RECORDS SUPPLIED Start Marker

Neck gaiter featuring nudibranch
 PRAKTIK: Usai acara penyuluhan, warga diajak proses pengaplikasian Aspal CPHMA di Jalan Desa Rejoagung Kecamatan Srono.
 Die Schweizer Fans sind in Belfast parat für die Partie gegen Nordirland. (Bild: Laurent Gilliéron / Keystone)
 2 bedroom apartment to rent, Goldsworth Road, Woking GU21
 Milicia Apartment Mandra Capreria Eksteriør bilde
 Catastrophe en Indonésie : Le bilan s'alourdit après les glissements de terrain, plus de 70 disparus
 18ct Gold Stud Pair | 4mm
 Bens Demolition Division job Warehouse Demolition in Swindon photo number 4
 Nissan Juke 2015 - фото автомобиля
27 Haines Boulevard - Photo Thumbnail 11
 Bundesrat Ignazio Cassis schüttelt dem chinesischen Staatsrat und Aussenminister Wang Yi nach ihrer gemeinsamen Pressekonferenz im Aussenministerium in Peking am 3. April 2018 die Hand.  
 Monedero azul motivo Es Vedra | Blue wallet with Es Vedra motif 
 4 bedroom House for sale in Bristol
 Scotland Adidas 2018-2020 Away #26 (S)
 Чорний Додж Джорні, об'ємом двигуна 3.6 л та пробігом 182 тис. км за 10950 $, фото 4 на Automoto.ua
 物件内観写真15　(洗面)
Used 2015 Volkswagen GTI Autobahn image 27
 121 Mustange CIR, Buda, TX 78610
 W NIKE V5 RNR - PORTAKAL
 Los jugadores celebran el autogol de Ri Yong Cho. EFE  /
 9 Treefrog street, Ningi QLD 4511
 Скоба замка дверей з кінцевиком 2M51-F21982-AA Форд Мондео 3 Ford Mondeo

RECORDS SUPPLIED End Marker

Every record must be set down again exactly.

__ANSWER SPACE__:
Neck gaiter featuring nudibranch
 PRAKTIK: Usai acara penyuluhan, warga diajak proses pengaplikasian Aspal CPHMA di Jalan Desa Rejoagung Kecamatan Srono.
 Die Schweizer Fans sind in Belfast parat für die Partie gegen Nordirland. (Bild: Laurent Gilliéron / Keystone)
 2 bedroom apartment to rent, Goldsworth Road, Woking GU21
 Milicia Apartment Mandra Capreria Eksteriør bilde
 Catastrophe en Indonésie : Le bilan s'alourdit après les glissements de terrain, plus de 70 disparus
 18ct Gold Stud Pair | 4mm
 Bens Demolition Division job Warehouse Demolition in Swindon photo number 4
 Nissan Juke 2015 - фото автомобиля
27 Haines Boulevard - Photo Thumbnail 11
 Bundesrat Ignazio Cassis schüttelt dem chinesischen Staatsrat und Aussenminister Wang Yi nach ihrer gemeinsamen Pressekonferenz im Aussenministerium in Peking am 3. April 2018 die Hand.  
 Monedero azul motivo Es Vedra | Blue wallet with Es Vedra motif 
 4 bedroom House for sale in Bristol
 Scotland Adidas 2018-2020 Away #26 (S)
 Чорний Додж Джорні, об'ємом двигуна 3.6 л та пробігом 182 тис. км за 10950 $, фото 4 на Automoto.ua
 物件内観写真15　(洗面)
Used 2015 Volkswagen GTI Autobahn image 27
 121 Mustange CIR, Buda, TX 78610
 W NIKE V5 RNR - PORTAKAL
 Los jugadores celebran el autogol de Ri Yong Cho. EFE  /
 9 Treefrog street, Ningi QLD 4511
 Скоба замка дверей з кінцевиком 2M51-F21982-AA Форд Мондео 3 Ford Mondeo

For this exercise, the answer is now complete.